Linear discriminant analysis effect size (LEfSe) (Figure 8F) was used to depict the dominant bacteria at various taxonomic levels (from order to species) among the five groups. Only taxa with a linear discriminant analysis (LDA) score greater than two are displayed. The circles represent the phylogenetic levels, with the diameter and color of each circle representing its abundance and group, respectively. As shown in the figure, Lactobacillales and Bacilli were predominant in the blank group, Actinobacteriota was predominant in the model group, while Muribaculaceae and Tannerellaceae were abundant in the low-dose CCD group. The medium-dose CCD group was dominated by Rhodospirillales, and the high-dose CCD group exhibited mostly Family_XIII_AD3011_group.

The temperatures of the mice were measured for 7 days (Figure 9A).

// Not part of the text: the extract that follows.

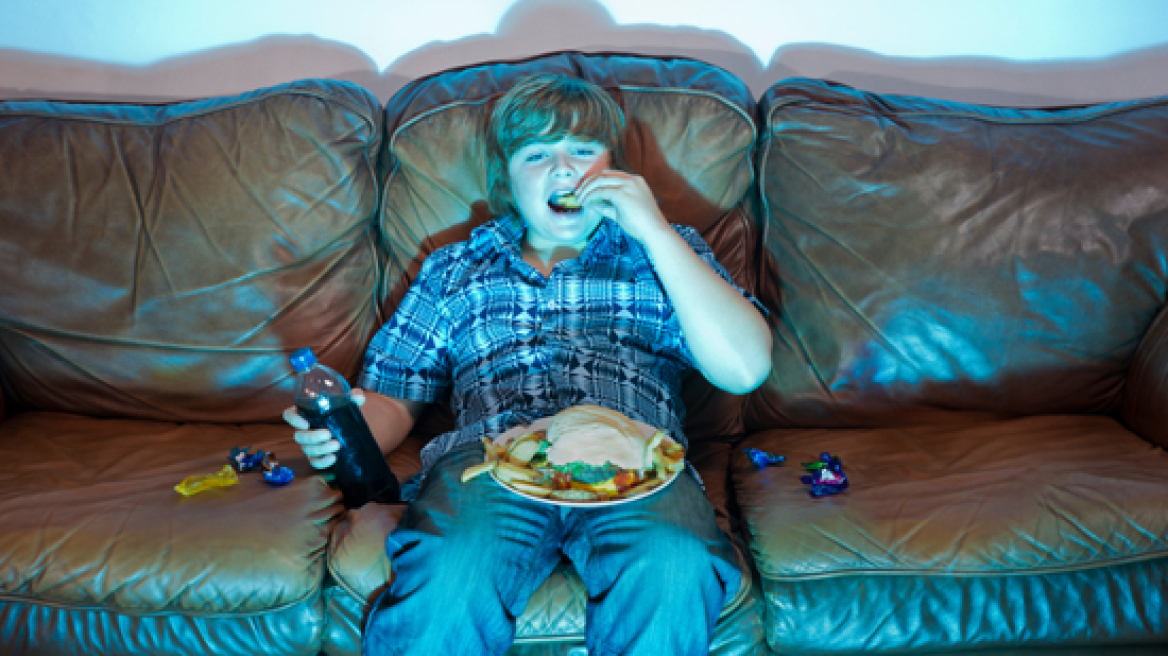 Νέα έρευνα: Αφήστε τα παιδιά σας να τρώνε μετά τις 20:00, δεν θα γίνουν παχύσαρκα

The body temperatures of the mice in both the model and treatment groups increased after commencement of modeling. Before treatment, a significant difference in body temperature was found compared to the blank group (p < 0.001). After treatment, the body temperatures decreased (model group vs. L. murinus, p < 0.001). The results of ELISA are shown in Figures 9B, C. The levels of cAMP and PGE2 were significantly higher in the model mice (model group vs. blank group, p < 0.001). Oral intake of L. murinus attenuated the elevated levels of cAMP and PGE2, especially in the model mice (model group vs. L. murinus, p < 0.001).